Ses rapports aux institutions ne relèvent jamais de l’adhésion, mais d’une stratégie d’infiltration. En se situant aux marges, il déplace le centre de gravité. L’exposition devient le lieu d’un jeu critique : un espace où se rejoue, de manière oblique, la définition même de ce qui peut être considéré comme œuvre. Là où certains consolident le statut de l’objet artistique, Lizène en érode les contours, en interroge la légitimité.

Et c’est peut-être dans son rapport aux supports, aux cadres, aux châssis et au cadrage que sa radicalité atteint sa plus grande acuité. Le cadre, le châssis, le dispositif de délimitation — loin d’être de simples outils — deviennent chez lui des cibles critiques. Dans la tradition picturale, le cadre et le châssis organisent la visibilité, garantissent la cohérence de l’image, instituent une séparation entre l’espace de l’art et celui du monde.
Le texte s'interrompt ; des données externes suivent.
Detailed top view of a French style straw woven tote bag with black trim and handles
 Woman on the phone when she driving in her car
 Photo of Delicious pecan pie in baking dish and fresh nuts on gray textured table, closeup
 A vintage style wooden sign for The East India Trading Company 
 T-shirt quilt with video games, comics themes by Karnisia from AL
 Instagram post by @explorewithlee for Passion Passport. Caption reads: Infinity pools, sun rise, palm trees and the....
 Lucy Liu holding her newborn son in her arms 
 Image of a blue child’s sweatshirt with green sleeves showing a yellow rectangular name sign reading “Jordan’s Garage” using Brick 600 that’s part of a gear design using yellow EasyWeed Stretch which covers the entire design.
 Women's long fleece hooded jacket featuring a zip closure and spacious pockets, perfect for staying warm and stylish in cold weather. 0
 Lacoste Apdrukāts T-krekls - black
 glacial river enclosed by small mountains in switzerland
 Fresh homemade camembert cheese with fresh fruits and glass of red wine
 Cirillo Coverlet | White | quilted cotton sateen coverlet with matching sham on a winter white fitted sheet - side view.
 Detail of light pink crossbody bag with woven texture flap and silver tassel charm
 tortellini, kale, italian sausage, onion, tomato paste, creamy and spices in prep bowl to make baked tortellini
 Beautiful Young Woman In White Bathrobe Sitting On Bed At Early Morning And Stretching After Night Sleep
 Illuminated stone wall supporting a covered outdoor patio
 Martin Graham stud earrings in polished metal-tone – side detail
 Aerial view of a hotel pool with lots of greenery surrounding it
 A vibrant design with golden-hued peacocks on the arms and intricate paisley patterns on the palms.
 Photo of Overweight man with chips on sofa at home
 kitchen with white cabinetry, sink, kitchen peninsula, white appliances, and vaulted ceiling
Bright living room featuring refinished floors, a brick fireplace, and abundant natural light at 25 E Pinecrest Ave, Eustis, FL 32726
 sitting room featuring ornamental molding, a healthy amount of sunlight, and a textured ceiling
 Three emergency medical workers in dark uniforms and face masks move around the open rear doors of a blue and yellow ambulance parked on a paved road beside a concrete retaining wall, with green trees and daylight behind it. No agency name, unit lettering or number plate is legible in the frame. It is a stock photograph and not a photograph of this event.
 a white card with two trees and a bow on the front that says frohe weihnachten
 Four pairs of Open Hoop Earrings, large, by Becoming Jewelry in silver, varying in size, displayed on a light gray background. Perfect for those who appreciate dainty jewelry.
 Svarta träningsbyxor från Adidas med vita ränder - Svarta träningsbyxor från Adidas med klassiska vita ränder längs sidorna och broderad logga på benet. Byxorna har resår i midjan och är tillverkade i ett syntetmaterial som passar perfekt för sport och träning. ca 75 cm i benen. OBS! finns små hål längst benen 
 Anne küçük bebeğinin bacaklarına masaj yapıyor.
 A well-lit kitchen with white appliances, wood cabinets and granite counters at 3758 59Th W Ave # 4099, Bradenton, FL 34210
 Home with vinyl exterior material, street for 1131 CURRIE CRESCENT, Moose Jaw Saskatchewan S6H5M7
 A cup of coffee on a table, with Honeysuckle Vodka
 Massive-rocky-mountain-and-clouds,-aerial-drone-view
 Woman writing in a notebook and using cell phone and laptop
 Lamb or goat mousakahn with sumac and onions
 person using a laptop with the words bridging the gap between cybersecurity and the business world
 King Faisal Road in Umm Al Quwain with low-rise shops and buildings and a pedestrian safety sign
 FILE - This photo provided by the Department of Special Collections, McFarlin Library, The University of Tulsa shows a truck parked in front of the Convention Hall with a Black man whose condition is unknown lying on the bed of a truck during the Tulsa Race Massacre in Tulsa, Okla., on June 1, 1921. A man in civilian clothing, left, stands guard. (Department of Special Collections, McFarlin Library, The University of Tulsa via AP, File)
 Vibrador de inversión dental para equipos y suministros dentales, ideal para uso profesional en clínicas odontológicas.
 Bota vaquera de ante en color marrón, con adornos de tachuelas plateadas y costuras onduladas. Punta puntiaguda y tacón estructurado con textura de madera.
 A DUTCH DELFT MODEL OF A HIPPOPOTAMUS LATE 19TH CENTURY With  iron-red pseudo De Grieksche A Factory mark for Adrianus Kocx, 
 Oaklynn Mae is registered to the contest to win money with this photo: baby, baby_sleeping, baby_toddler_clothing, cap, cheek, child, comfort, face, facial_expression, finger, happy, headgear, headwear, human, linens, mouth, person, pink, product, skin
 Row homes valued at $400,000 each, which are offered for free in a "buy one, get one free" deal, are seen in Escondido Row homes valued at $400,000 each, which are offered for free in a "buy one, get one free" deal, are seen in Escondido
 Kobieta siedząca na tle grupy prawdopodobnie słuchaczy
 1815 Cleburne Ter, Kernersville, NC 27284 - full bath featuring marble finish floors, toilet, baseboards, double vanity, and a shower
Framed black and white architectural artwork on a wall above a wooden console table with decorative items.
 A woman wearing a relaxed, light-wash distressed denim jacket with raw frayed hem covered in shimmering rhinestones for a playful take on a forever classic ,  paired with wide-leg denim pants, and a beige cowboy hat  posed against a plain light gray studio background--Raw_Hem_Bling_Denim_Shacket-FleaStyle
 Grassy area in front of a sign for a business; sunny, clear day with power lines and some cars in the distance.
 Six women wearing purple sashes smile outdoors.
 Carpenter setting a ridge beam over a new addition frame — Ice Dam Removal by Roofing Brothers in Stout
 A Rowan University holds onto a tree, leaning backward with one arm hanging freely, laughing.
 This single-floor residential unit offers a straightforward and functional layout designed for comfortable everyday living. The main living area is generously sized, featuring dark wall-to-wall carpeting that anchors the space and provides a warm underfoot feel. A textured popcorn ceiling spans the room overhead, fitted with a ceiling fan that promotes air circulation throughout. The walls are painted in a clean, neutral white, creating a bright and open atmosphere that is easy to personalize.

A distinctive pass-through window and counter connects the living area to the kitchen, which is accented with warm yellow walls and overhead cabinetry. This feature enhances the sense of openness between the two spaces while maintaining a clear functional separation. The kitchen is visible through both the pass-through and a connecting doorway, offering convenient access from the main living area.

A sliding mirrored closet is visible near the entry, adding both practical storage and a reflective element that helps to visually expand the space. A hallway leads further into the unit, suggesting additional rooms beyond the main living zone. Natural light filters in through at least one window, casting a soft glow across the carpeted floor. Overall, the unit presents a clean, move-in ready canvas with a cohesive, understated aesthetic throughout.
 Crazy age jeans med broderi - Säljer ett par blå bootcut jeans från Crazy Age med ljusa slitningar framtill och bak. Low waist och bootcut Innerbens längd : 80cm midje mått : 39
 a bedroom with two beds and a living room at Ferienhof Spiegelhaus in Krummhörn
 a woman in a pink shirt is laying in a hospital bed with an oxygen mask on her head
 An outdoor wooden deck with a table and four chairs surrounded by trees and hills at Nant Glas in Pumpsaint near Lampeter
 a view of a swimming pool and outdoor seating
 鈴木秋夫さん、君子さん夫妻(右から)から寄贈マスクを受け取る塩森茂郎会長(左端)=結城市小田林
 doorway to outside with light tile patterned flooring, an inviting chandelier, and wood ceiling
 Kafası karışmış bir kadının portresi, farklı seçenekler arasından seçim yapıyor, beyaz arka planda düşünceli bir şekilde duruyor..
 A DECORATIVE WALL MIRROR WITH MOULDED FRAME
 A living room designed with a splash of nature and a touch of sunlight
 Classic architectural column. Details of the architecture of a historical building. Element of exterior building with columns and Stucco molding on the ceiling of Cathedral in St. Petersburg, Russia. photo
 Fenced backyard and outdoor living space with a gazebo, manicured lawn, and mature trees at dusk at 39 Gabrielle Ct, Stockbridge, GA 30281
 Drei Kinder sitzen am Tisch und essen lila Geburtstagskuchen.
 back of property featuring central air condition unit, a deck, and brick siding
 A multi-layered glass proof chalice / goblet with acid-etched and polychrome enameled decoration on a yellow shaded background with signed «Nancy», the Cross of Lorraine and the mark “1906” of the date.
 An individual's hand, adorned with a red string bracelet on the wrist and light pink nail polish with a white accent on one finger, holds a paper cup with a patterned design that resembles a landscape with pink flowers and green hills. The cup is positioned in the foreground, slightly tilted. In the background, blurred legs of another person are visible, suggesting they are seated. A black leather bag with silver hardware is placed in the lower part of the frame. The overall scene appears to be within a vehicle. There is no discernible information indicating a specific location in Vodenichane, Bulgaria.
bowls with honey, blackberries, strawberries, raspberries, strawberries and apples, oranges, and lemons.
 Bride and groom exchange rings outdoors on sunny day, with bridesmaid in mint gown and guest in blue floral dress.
Lizène s’emploie précisément à fragiliser cette séparation, à en exposer l’arbitraire ou à faire du cadre l’œuvre à la place de l’œuvre. Il peut réduire la présence du cadre à une convention dérisoire, en souligner la matérialité, ou encore en perturber la fonction, de sorte que le cadrage lui-même cesse d’être une évidence pour devenir un problème. Le cadrage, en tant qu’acte, est au cœur de cette remise en question : il détermine ce qui est inclus et ce qui est exclu, ce qui fait œuvre et ce qui reste hors champ. Or, chez Lizène, cette opération est systématiquement mise en crise. Le châssis, le support, le bord même de l’image sont traités comme des éléments contingents, susceptibles d’être déstabilisés, réduits, voire ridiculisés. L’œuvre ne s’inscrit plus dans un cadre stable : elle en révèle la précarité, comme si toute délimitation n’était qu’un arrangement provisoire, une fiction parmi d’autres.

Le volet clos, motif récurrent et hautement symbolique dans son univers, cristallise cette dynamique : en se refermant, il ne protège pas seulement une image, il en suspend la possibilité même d’apparition. Ce qui est soustrait au regard devient paradoxalement le lieu d’une intensité conceptuelle accrue. Mais ce retrait ne se limite pas à une stratégie de discrétion : il engage une négation plus radicale, comme si le geste de fermeture — ce voilement du visible — signifiait simultanément le refus même de l’acte artistique. Le volet clos ne désigne plus seulement l’absence de vision, il devient le signe d’une possible abolition de l’art lui-même. Dans cette obscurité volontaire s’efface la figure de l’artiste : non plus celui qui révèle, mais celui qui se retire, qui s’abolit, qui suspend le geste de créer. Ce qui se donne à voir, dès lors, est moins une œuvre qu’un effacement en acte, une tension entre apparition et disparition qui frôle la négation même de la création.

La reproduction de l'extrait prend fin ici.